村上春樹の「1Q84」の後、カフカを読んだ。図書館で借りた岩波文庫で、とりあえず「変身」を。かつて読んだつもりだったが、冒頭の主人公グレゴール・ザムザがなにやら虫になるところを読んだ覚えはあるが、最後まで読んでいなかったのかもしれない。「改訳」とあるこの文章は読みやすく、2~3日で読み終えた。「1Q84」の後ではどんな物語の展開にも驚かないのかも知れないが…
主人公の様子だけでなく、同居する家族の様子の描写が面白いですね。とくに、妹のグレーテが最初は親身に兄の世話を焼いていたのが、徐々にぞんざいになり、最後は早くいなくなって欲しいと望む… そして、グレゴールが死んだその日、家族は銘々の職場宛に欠勤届を書き、みんなで楽しげに郊外へ散策に出かける… 30年前、これをしっかり読んでいたら、相当ショックを受けていたかも知れないなぁ。

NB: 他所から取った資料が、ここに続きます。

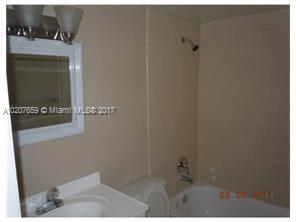 Miami Lakes Windmill Gate - Residential Lease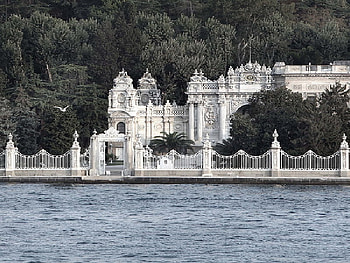 dolmabahce palas ,istanbul, sea, turkey, istanbul, palace HD wallpaper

読後、光文社新書の池内紀著「となりのカフカ」を読む。カフカ入門書とのことだが、とても面白い。カフカは生涯、独身で、ただモテなかったわけではなく、婚約破棄をするなどして、自らそういう道を選び、結核のため41歳でこの世を去ったとある。保険公社勤めのサラリーマン。午後に勤めが終わった後、自室で文章を書き、あるときは(遠く離れた、一度友人宅で会ったきりの)女性に対しストーカー的に手紙を連日のように書き、また、休暇を保養地で過ごし小説を執筆したという。とても興味深い生き方ですなぁ。
19世紀終わり頃チェコのプラハに生まれ、第1次世界大戦中の世界を生きた裕福なユダヤ人。両親の経営する「カフカ商会」のカラスの紋章が村上春樹の「海辺のカフカ」の装丁に使用されていたようである。これまで何となく知っていたようなカフカだが、かなり親しみが沸いてきた。他の小説も読んでみようか…というところである。